With snowfall, you use list functions (lapply etc). Ideally, have a list with chunks of data, so each worker gets a chunk of the data.

Write your R script

Set up an R script:

## testscript.R
sfInit(parallel = TRUE, cpus = 16, type = "MPI")  # Initialize snowfall environment
mxmult <- function(n=1000){
	## cat() within a cluster function doesn't work :(
    A <- matrix(rnorm(n^2), nrow=n)
	B <- matrix(rnorm(n^2), nrow=n)
	return(det(A %*% B))
## use sfExport() to export any functions or data that you will need
##  on the workers in addition
dets <- sfSapply(1:32, mxmult, n=2000)  # snowfall-version of sapply()
save(dets, file="testscript-mxmult.RData")
sfStop()  # always stop your cluster


To test your script, use a small subset of data and instead of qsub, which submits the job to the scheduler, run it on qrsh (with appropriate parameters, i.e. qrsh -pe lammpi 10-32, which is an “interactive” shell that shows you stdout directly. If this runs through, proceed.

Set up a shell script

Then, set up a shell script that calls execution of this R script. The best way is to put SGE parameters in the script file as such:

## Instead of passing gommand line parameters to qsub, do this:
#$ -cwd
#$ -o output.out
#$ -M
#$ -m beas
## Resource requests:
#$ -l h_rt=01:00:00
#$ -l h_vmem=1G
## Parallel options:
#$ -pe lammpi 16
R --no-save < testscript.R


Check cores and RAM available

Use qfree to see all nodes and what’s available. The parameter -l h_vmem is valid for one single worker, not the complete thing.

Script should run on local machine and cluster

The command qsub sets a few environment variables (see man qsub for which ones). You can query the value of this value, and if it is set, initialize a SGE cluster, but if it is unset, initialize a parallel environment on your local machines (with 4 cores in this example). Replace the sfInit() call with this snippet:

n_cpus <- Sys.getenv("NSLOTS")
    sfInit(parallel = TRUE, cpus = 4, type="SOCK")  # local parallelization
} else {
    sfInit(parallel = TRUE, cpus = as.numeric(n_cpus), type = "MPI")  # SGE

Now the code runs regardless of whether you submit it to the SGE or run it locally.

Network random number generator

Start the network random number generator to make sure each cluster uses different seeds: sfClusterSetupRNG()

Load balancing

By using sfClusterApplyLB instead of sfLapply, faster machines are given further work without having to wait for the slowest machine to finish.

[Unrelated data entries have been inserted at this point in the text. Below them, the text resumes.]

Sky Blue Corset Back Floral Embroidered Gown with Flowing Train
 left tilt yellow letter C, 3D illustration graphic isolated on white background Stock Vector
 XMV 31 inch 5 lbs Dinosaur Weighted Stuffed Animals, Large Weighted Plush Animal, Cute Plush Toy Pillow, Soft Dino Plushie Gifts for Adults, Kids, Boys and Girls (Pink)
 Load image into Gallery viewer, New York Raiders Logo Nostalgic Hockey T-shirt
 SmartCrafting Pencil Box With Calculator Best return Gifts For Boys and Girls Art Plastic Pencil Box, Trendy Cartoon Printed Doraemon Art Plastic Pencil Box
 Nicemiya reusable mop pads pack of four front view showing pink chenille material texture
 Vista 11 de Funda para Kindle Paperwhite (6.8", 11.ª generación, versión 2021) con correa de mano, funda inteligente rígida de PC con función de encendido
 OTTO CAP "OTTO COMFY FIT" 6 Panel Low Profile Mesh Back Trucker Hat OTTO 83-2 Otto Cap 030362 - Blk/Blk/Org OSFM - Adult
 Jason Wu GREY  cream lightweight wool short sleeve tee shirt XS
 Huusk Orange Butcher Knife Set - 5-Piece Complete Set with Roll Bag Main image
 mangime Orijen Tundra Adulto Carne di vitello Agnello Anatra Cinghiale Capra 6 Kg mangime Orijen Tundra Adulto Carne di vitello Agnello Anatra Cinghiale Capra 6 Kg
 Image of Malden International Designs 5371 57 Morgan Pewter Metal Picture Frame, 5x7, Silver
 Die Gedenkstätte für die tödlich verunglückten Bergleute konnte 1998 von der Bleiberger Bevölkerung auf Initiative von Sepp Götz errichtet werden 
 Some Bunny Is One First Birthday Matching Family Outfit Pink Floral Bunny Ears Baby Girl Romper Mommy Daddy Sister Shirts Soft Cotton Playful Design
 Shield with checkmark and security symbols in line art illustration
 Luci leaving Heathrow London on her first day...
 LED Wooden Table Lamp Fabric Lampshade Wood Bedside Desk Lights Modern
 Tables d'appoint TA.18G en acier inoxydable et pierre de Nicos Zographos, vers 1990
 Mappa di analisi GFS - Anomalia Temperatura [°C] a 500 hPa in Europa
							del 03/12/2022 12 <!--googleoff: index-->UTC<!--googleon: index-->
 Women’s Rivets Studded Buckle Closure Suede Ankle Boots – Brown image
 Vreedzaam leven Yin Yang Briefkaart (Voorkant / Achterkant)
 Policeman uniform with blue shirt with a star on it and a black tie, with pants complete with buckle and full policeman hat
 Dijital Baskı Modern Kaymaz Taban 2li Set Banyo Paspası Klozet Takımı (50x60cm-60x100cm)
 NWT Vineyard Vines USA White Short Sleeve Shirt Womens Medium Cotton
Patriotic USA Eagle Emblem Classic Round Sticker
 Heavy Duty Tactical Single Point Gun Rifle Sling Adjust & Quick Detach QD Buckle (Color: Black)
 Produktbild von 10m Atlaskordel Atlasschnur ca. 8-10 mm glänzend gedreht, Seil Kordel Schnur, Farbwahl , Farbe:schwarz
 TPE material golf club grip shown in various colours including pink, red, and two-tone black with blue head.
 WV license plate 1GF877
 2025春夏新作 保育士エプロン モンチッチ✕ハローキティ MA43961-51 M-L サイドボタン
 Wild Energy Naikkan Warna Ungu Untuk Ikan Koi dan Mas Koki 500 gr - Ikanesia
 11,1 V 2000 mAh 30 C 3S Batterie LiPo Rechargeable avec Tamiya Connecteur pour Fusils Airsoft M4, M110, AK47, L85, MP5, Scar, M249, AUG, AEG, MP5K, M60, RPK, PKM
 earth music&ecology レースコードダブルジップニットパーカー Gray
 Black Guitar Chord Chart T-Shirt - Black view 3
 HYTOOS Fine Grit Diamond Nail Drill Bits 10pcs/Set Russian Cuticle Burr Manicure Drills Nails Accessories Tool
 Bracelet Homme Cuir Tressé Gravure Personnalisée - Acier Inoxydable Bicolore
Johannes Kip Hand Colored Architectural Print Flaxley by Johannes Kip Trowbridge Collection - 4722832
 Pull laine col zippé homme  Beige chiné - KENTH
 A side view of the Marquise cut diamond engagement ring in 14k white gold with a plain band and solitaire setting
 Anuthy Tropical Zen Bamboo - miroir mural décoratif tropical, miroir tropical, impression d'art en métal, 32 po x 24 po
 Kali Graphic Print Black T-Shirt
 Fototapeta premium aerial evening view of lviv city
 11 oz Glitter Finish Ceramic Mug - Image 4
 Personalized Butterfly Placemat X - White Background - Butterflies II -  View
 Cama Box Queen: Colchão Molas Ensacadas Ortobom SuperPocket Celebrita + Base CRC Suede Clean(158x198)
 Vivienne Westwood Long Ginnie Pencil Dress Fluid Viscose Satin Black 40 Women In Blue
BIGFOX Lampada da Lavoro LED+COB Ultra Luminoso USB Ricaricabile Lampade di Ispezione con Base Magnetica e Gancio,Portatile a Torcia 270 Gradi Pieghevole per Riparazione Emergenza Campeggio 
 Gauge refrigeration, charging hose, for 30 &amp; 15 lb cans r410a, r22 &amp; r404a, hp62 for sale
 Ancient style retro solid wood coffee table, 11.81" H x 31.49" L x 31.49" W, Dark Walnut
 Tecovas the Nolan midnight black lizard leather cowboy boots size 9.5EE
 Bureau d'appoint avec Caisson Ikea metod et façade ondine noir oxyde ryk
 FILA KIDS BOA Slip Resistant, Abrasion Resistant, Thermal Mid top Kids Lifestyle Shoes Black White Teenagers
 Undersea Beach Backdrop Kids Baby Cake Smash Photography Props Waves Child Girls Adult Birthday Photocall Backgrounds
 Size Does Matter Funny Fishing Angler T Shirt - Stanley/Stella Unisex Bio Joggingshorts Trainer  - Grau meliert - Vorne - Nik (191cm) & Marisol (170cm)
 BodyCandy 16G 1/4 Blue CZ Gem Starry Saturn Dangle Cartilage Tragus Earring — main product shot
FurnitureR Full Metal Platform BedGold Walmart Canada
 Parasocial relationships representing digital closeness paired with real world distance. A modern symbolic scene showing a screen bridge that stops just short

Saving/Restoring intermediate results

See ?sfClusterApplySR for that.

Supply a range of cores, if number is not too important

Use #$ -pe lammpi 32-64 if you would like 64 slots, but would also be happy with 32 slots if that meant less waiting time.

High memory needed

Submit your job to the queue maxmem.q: qsub -q maxmem.q

Lessons learned

  • Learn how to use the scheduler. qstat, qfree, and the likes.
  • Before running the big job, find out how much Memory and cores are free (qfree). Then find out how much memory your single jobs need:
  • Run the job on a small subset (or with -l h_rt=00:30:00), then after it aborts, run qstat -j to see how much max vmem it needed. Use this value to run the giant job with.